Mati. Sungguh aku mati kali ini. Rasanya aku ingin bangkit
dan membenturkan kepalaku ke dinding bus. Aku benar-benar tidak tahu apakah
pria ini sekedar iseng mengisi waktu perjalanannya dengan membuka percakapan
dengan orang asing dengan topik seaneh dan semenyebalkan keBahagiaan dengan B besar. Ataukan pria ini seorang
agen dari reality show yang akan
memberiku uang setelah aku berhasil menjawab pertanyaannya, sekaligus
mengatakan aku sedang masuk ke acara TV anu? Ataukah pria ini adalah malaikat
dalam penyamaran yang sedang ditugaskan Tuhan untuk mengujiku? Sumpah, aku
tamat kawan.
Apa itu Bahagia dengan B besar? Apa
batas awal dan batas akhir Bahagia? Apakah seseorang yang berusaha memertahankan
kebahagiaannya masih bahagia? Itu daftar pertanyaan dari pria ini. Kuserahkan padamu,
karena aku telah sampai di halte tujuanku.
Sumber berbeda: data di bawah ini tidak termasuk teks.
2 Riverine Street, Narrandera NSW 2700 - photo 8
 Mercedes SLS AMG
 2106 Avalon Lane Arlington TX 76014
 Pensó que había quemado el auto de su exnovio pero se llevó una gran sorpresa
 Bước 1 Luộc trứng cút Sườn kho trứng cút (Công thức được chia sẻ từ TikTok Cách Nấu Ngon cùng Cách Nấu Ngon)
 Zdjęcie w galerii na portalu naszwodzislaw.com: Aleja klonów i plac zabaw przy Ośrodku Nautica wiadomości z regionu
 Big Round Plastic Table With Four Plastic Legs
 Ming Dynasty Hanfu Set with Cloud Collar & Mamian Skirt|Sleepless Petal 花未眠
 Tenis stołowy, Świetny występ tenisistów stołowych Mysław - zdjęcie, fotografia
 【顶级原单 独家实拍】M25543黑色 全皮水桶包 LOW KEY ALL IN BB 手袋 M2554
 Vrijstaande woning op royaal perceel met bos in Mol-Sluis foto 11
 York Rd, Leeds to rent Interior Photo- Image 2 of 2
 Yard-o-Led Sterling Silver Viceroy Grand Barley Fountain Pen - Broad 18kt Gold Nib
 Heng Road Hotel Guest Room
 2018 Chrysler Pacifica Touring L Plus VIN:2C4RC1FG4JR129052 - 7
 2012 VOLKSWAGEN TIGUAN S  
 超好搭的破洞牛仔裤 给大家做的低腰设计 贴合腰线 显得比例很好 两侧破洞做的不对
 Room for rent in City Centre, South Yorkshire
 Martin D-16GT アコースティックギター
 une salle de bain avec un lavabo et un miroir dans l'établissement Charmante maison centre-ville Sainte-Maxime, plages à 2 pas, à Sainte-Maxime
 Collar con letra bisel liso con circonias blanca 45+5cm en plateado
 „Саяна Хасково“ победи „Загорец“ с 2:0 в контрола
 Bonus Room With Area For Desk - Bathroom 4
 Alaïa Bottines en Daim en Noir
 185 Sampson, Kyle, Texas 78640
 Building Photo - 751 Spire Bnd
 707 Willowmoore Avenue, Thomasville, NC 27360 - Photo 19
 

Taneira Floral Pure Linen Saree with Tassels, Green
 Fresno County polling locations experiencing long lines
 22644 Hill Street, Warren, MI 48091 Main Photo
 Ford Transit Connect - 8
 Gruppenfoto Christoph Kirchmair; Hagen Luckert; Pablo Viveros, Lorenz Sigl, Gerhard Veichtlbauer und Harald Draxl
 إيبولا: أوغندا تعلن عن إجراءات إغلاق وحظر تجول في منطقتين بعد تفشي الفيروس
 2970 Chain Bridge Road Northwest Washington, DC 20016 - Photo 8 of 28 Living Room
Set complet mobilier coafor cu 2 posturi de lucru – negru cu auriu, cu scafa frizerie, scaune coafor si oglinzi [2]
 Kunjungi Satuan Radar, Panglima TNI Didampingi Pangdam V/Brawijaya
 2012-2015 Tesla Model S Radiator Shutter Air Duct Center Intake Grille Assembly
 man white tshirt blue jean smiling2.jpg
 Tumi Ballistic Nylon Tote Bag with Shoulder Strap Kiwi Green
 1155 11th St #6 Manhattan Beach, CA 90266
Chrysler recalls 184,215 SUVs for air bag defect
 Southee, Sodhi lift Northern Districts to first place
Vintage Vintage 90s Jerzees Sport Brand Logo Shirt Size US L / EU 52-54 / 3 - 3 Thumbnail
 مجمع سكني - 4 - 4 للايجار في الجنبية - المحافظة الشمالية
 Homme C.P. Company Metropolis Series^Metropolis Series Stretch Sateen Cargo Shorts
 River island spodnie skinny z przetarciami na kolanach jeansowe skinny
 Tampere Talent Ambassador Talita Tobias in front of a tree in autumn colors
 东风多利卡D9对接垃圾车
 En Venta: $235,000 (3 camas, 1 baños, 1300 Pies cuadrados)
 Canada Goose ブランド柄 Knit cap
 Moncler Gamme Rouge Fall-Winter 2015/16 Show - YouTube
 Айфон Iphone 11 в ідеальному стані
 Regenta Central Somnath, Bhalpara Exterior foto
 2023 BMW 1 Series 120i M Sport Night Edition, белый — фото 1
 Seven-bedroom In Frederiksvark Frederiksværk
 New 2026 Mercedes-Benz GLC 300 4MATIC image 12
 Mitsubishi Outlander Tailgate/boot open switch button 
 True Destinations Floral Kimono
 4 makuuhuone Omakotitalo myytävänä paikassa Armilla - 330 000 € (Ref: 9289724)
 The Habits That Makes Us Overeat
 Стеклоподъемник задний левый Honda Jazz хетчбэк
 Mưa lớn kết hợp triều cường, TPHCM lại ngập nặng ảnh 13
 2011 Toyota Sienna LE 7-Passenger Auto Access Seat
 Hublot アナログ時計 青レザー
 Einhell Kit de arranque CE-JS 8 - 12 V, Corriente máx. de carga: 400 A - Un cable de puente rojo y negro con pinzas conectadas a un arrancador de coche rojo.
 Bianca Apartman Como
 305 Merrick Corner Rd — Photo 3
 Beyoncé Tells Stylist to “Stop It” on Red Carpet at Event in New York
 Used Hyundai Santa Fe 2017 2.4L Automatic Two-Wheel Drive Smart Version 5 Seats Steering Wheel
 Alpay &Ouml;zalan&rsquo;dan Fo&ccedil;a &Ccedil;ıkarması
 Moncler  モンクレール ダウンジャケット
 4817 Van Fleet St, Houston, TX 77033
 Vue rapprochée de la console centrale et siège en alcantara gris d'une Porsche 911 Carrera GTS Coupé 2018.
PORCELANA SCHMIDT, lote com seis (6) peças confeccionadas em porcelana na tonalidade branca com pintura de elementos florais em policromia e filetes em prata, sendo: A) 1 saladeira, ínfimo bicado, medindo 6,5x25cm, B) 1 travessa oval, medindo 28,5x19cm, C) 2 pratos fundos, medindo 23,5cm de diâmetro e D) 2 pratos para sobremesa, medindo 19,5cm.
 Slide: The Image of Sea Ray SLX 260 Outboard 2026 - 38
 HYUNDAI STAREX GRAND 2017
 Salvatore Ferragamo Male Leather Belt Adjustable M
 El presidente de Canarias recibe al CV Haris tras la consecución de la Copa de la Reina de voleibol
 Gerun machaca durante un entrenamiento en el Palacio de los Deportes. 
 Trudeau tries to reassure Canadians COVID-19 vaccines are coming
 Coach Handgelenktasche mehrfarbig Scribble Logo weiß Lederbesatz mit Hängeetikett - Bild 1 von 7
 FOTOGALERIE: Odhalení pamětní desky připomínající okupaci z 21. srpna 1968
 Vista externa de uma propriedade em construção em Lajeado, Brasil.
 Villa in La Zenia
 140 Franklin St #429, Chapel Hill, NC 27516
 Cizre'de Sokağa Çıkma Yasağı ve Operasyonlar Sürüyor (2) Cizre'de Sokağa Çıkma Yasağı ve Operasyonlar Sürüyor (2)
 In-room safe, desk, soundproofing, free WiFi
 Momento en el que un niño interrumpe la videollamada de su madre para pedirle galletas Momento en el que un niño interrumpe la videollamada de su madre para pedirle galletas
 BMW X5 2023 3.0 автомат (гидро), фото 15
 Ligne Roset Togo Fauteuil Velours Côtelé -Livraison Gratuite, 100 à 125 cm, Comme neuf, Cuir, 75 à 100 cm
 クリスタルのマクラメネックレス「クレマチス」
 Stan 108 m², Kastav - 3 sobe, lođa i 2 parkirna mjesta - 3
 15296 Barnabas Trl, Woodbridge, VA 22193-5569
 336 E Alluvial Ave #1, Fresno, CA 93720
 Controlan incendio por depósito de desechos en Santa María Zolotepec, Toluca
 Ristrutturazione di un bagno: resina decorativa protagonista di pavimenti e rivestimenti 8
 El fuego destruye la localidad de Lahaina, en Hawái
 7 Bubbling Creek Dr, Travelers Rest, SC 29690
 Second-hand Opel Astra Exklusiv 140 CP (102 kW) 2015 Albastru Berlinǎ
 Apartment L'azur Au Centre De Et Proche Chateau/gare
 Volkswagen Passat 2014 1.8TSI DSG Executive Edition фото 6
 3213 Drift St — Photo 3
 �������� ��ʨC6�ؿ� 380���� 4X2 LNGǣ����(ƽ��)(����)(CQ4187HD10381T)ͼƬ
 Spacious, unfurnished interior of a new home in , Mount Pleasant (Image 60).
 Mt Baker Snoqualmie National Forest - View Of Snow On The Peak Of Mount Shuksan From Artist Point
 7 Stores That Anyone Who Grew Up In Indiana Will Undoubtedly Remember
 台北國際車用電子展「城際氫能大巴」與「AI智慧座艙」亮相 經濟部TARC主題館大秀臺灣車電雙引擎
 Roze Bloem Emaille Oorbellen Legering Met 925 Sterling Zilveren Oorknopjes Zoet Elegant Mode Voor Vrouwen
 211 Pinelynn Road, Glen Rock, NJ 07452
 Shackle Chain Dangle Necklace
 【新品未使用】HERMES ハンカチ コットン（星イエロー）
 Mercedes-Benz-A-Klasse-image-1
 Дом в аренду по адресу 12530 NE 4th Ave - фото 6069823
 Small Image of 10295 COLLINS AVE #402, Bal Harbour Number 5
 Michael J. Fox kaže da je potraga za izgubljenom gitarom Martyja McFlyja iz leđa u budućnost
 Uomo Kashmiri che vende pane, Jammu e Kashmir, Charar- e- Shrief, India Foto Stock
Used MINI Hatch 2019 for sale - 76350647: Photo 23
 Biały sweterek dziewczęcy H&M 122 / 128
Kupikir, Bahagia dengan B besar adalah ketika aku berhasil
menemukan jawaban dari pertanyaan-pertanyaan itu. Namun setelah kupikir-pikir
lagi, kenapa aku mengikuti pertanyaan si orang asing yang jelas-jelas membuat migrainku kambuh lagi? Untuk apa
pusing-pusing mencari Bahagia dengan B besar, jika bahagia dengan b kecil sudah
cukup membuat manusia bahagia? Memahami Bahagia dengan B besar tidak akan
membuatmu mendapat jodoh idola semua manusia ataupun lolos seleksi CPNS. Tidak
ada gunanya memikirkan Bahagia dengan B besar.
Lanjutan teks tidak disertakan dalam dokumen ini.